OK, Korea. Alright then.

 

            I wish there was a first thing I noticed, something so immediately and insistently different that I just had to share it right away. But there isn’t. Instead, things are different here in a million little ways that add up to something completely alien.

           They don’t do sizes in coffee shops. If you want a coffee or a latte, you get one small 8 OZ cup no matter what. It’s pretty expensive, at least compared to everything else. I just got back from lunch, where I had a bowl of udon noodle soup with fried tofu, a sushi roll (they don’t call it sushi, which is something different, but there was seaweed, rice and crab) and a drink, which came out to under $6 American, or 5,600 Won. A coffee will run you about as much as an American Starbucks, but when you can get a three course meal for the same amount, it starts to feel pretty steep.

            Also, no tipping. They don’t tip here. Some restaurants, but by no means all, will leave a tip jar on the bar, but tipping for service is neither required nor expected. I still feel guilty dropping a 10,000 Won bill for a 9,500 Won meal then waiting for change, but the one time I tried to leave something on the table the waiter ran after me and gave it back. Oh well, when in Rome I guess.

The Koreans are largely friendly, though there is a definite strain of xenophobia in the country. They have spent their entire history as a consolation prize in the endless war between China and Japan, with each country taking turns occupying the peninsula in accordance with a rise or fall in their military fortunes. The Japanese had them last, and there is still a lot of bitterness about WW2 around here. Some of my students have helpfully explained the perils of trusting the inherently devious Japanese, and none of them particularly like the half Japanese kid in the class, the poor guy.

Their work ethic is incredible, and I’m sure I’ll have a lot to say about it later, but for now I’ll just let everyone know that the Korean people have collectively discovered a miraculous new synthetic material. It is harder than diamond or quartz, and completely resistant to any pressure applied to it. Instead of using this new material to enhance their space program, or even as a form of body armor, they have decided to make their mattresses out of it. I can only assume that they mistrust a comfortable night’s sleep, regarding it as a gateway to sloth and idleness.

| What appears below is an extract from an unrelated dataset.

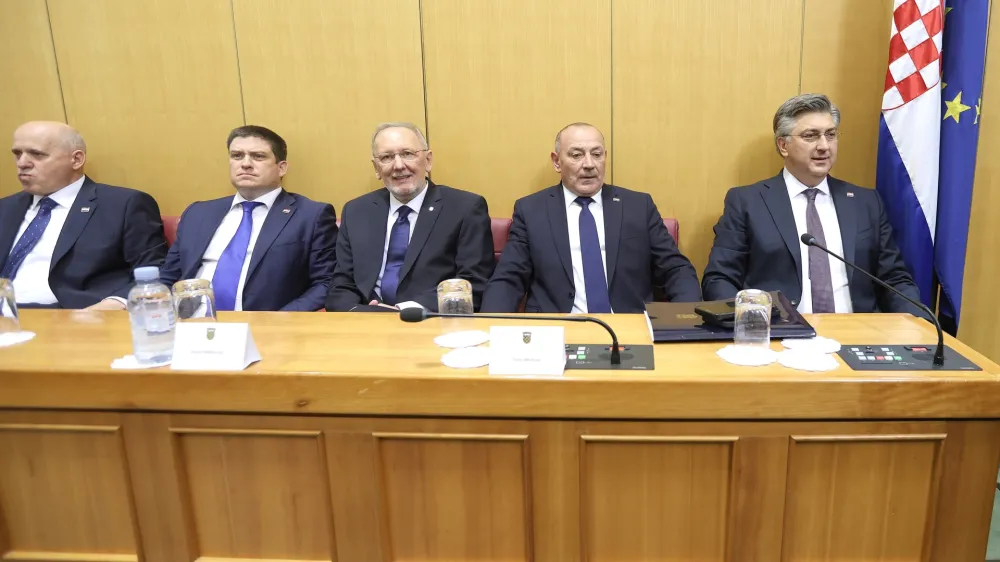 17.05.2024., Zagreb - Predstavljanje Vlade Republike Hrvatske na prvoj sjednici 11. saziva Hrvatskog sabora. Branko Bacic, Oleg Butkovic, Davor Bozinovic, Tomo Medved, Andrej Plenkovic Photo: Patrik Macek/PIXSELL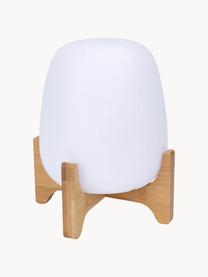 Lampada da tavolo mobile da esterno dimmerabile con base in bambù e cambio colore Palmy, Paralume: polietilene, Base della lampada: legno di bambù, Bianco, marrone chiaro, Ø 20 x Alt. 26 cm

I’m going to have to save most of my cultural observations for later, since it’s almost time for me to head to work and do my part to mold young Korean minds. I’ll only say that I am exploring and learning new things each day. I have been spending a lot of time with my predecessor, Molly a 23-year-old Tennesseean (Tennesseeite? Tenneseeian? She’s from Tennessee) who is basically straight out of central casting as the sweet, pretty southern girl. She leaves tomorrow, and I will definitely miss her.